WHAT TO DO: Print, from the listing below, the lines starting at the line containing "ادکلن ۲۴ قیراط" and ending at the line containing "1Pcs*in stock. MCU-1220", exactly as they stand, and print nothing else.

PROVIDED DATA:
☆ ☆ ☆ ☆

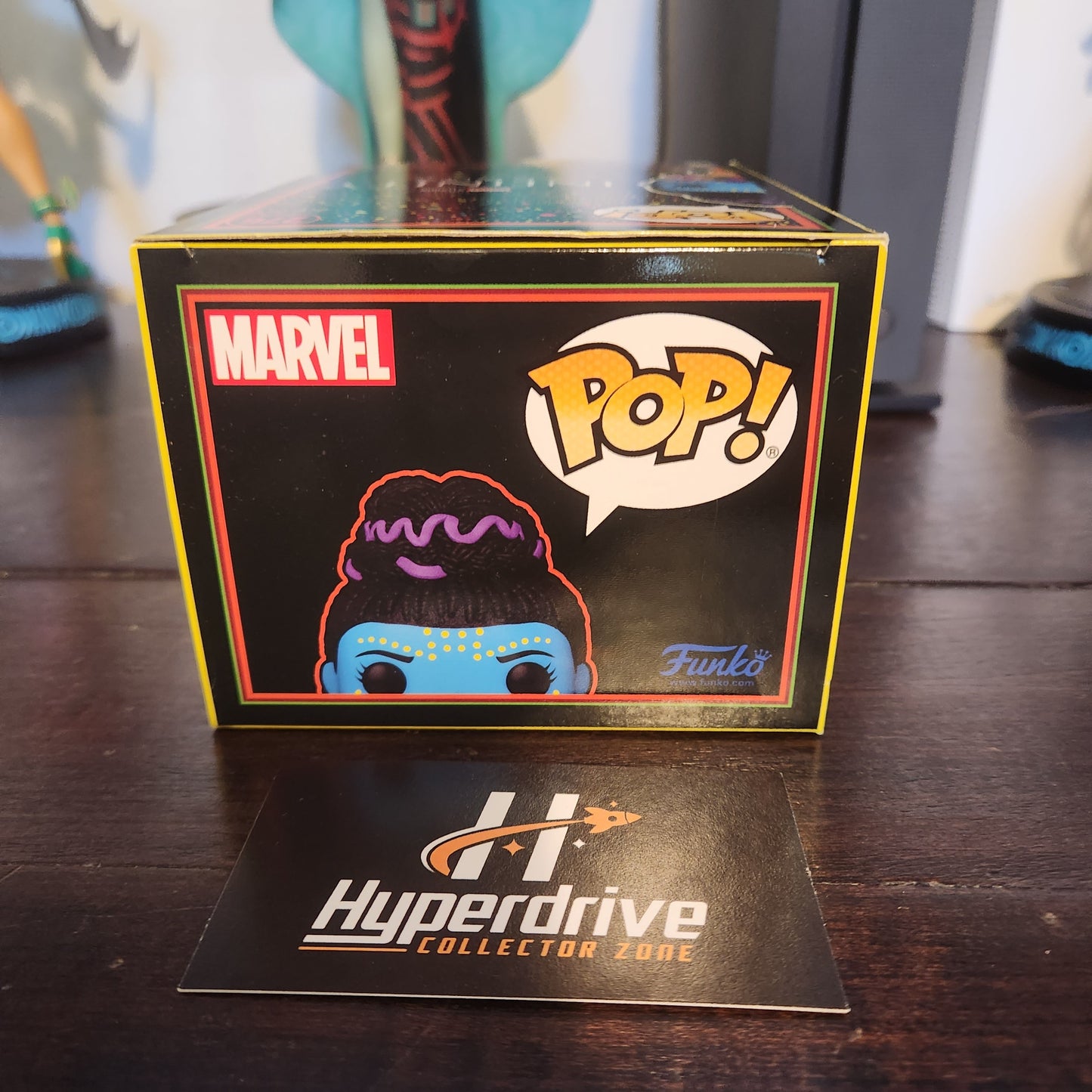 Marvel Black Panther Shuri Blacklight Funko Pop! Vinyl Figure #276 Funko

☆ ☆ ☆ ☆

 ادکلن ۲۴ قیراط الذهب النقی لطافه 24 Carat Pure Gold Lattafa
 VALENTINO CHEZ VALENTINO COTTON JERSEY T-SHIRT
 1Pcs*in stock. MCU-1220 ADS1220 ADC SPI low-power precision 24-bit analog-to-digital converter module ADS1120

☆ ☆ ☆ ☆

OUTPUT OF THE TASK:
 ادکلن ۲۴ قیراط الذهب النقی لطافه 24 Carat Pure Gold Lattafa
 VALENTINO CHEZ VALENTINO COTTON JERSEY T-SHIRT
 1Pcs*in stock. MCU-1220 ADS1220 ADC SPI low-power precision 24-bit analog-to-digital converter module ADS1120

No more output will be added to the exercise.